Inflação de alimentos e combustíveis pressiona o Nordeste e acende alerta para consumo e PMEs
Alta da cesta básica e dos combustíveis e efeitos do cenário internacional elevam custo de vida na região e aumentam pressão sobre famílias e pequenos negócios


João Kepler
A inflação voltou a bater mais forte onde a renda já é mais sensível. No início de 2026, o Nordeste brasileiro concentra seis das dez capitais com maior alta no custo da cesta básica do país, segundo levantamentos do DIEESE em parceria com a Conab. O avanço dos preços de alimentos e combustíveis não apenas reduz o poder de compra, como também desorganiza o consumo e pressiona toda a cadeia produtiva regional.
O caso mais emblemático vem de Recife. De acordo com a Pesquisa Nacional da Cesta Básica, o custo médio chegou a R$ 654,62, com alta acumulada de 9,82% no primeiro trimestre de 2026 . O movimento praticamente dobra a projeção de inflação anual do país e reforça o ritmo acelerado de aumento do custo de vida. Mas a capital pernambucana não está sozinha. Salvador, João Pessoa, Natal e outras capitais nordestinas também registraram altas relevantes no período, consolidando a região como epicentro da pressão inflacionária sobre alimentos .
Entre os principais vilões, os dados mostram aumentos expressivos em itens básicos.

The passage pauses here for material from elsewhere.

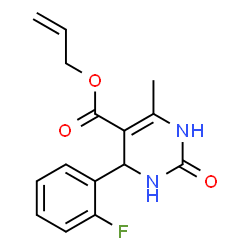 ChemSpider 2D Image | Allyl 4-(2-fluorophenyl)-6-methyl-2-oxo-1,2,3,4-tetrahydro-5-pyrimidinecarboxylate | C15H15FN2O3
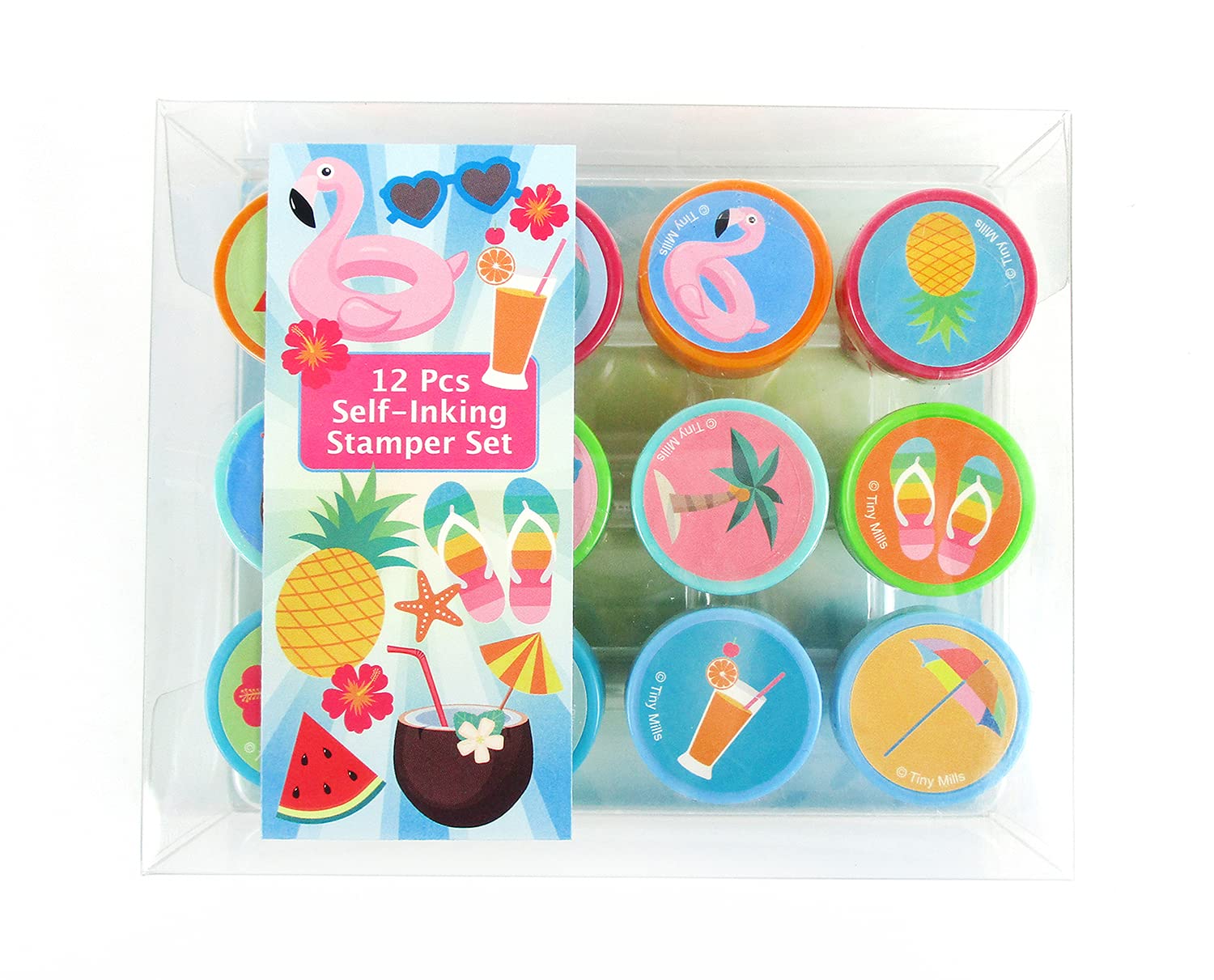 12 Pcs Summer Beach Pool Party Stamp Kit for Kids - Self Inking Stamps, Party Favors, Perfect for Birthday Celebrations, School Activities, and Creative Playtime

O feijão carioca, por exemplo, teve altas superiores a 20% em diversas capitais, enquanto carnes e derivados também pressionaram o orçamento das famílias . Esse tipo de inflação é mais sensível, porque incide diretamente sobre o consumo essencial, atingindo com mais intensidade regiões de menor renda média.
Mas não é só a comida que pesa. O aumento dos combustíveis adiciona uma segunda camada de impacto. A alta do diesel, fundamental para o transporte de cargas, encarece toda a cadeia logística e acaba sendo repassada para os preços finais, ampliando o ciclo inflacionário. Esse efeito é ainda mais visível em regiões como o Nordeste, onde a dependência do transporte rodoviário é maior.
O resultado é um efeito combinado. De um lado, o consumidor perde poder de compra. De outro, as empresas enfrentam aumento de custos. Para as pequenas e médias empresas, isso significa menos giro, maior dificuldade de repasse de preços e compressão de margens, criando um ambiente mais desafiador para crescer.
Por trás desse cenário, há fatores que vão além do curto prazo. A inflação de alimentos no Nordeste também reflete questões estruturais, como condições climáticas que afetam a oferta, além da dinâmica de distribuição e logística. Quando esses fatores locais se encontram com choques globais, como a alta do petróleo, o impacto se intensifica.
O cenário para o segundo semestre de 2026 indica continuidade dessa pressão, especialmente nos alimentos, que seguem como principal vetor de inflação. Para empresários e gestores, o desafio deixa de ser apenas vender mais e passa a ser operar melhor, com controle de custos, eficiência e estratégia de precificação.
A inflação no Nordeste não é apenas um dado econômico. É um retrato claro de como o custo de vida está avançando mais rápido do que a renda, pressionando famílias e colocando as pequenas e médias empresas no centro de um ambiente cada vez mais exigente.